BRIEF DESCRIPTION OF THE DRAWINGS
[0013] Implementations of various technologies will hereafter be
described with reference to the accompanying drawings. It should be
understood, however, that the accompanying drawings illustrate only
the various implementations described herein and are not meant to
limit the scope of various technologies described herein.

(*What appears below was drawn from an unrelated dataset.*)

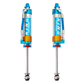 King Shocks Mitsubishi L200/Triton Rear 2.5 Dia Shock w/Adj (Will Not Fit Stock Vehicle) (Pair)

[0014] FIG. 1 illustrates a schematic diagram of a logging
apparatus in accordance with implementations of various techniques
described herein.
[0015] FIG. 2 illustrates a flow diagram of a method for generating
a facies probability cube in accordance with implementations of
various techniques described herein.
[0016] FIG. 3 illustrates a flow diagram of a method for generating
a multiple facies model constrained by a facies probability cube in
accordance with implementations of various techniques described
herein.
[0017] FIG. 4 illustrates a flow diagram of a method for generating
a multiple facies model constrained by a facies probability cube in
accordance with implementations of various techniques described
herein.
[0018] FIG. 5 illustrates a flow diagram of a method for performing
a modified Sequential Gaussian Simulation (SGSIM) algorithm in
accordance with implementations of various techniques described
herein.
[0019] FIG. 6 illustrates a computer network into which
implementations of various technologies described herein may be
implemented.
[0020] FIG. 7 illustrates an example of a vertical proportion curve
in accordance with implementations of various techniques described
herein.
[0021] FIG. 8 illustrates an example of a lateral proportion map in
accordance with implementations of various techniques described
herein.
[0022] FIG. 9 illustrates an example of well facies data in
accordance with implementations of various techniques described
herein.
[0023] FIG. 10 illustrates an example of a fluvial sand probability
cube in accordance with implementations of various techniques
described herein.
[0024] FIG. 11 illustrates an example of two Probability Density
Function (PDF) curves of a Beta distribution for different
parameter controlled contrasts in accordance with implementations
of various techniques described herein.
[0025] FIG. 12 illustrates an example of a Cumulative Density
Function (CDF) curve in an original probability space and a CDF
curve in a normal score space in accordance with implementations of
various techniques described herein.
[0026] FIG. 13 illustrates an example of four facies training image
in accordance with implementations of various techniques described
herein.
[0027] FIG. 14 illustrates an example of a reservoir model with
four facies in accordance with implementations of various
techniques described herein.
[0028] FIG. 15 illustrates a diagram for creating a reservoir model
in accordance with implementations of various techniques described
herein.
DETAILED DESCRIPTION
[0029] The discussion below is directed to certain specific
implementations. It is to be understood that the discussion below
is only for the purpose of enabling a person with ordinary skill in
the art to make and use any subject matter defined now or later by
the patent "claims" found in any issued patent herein.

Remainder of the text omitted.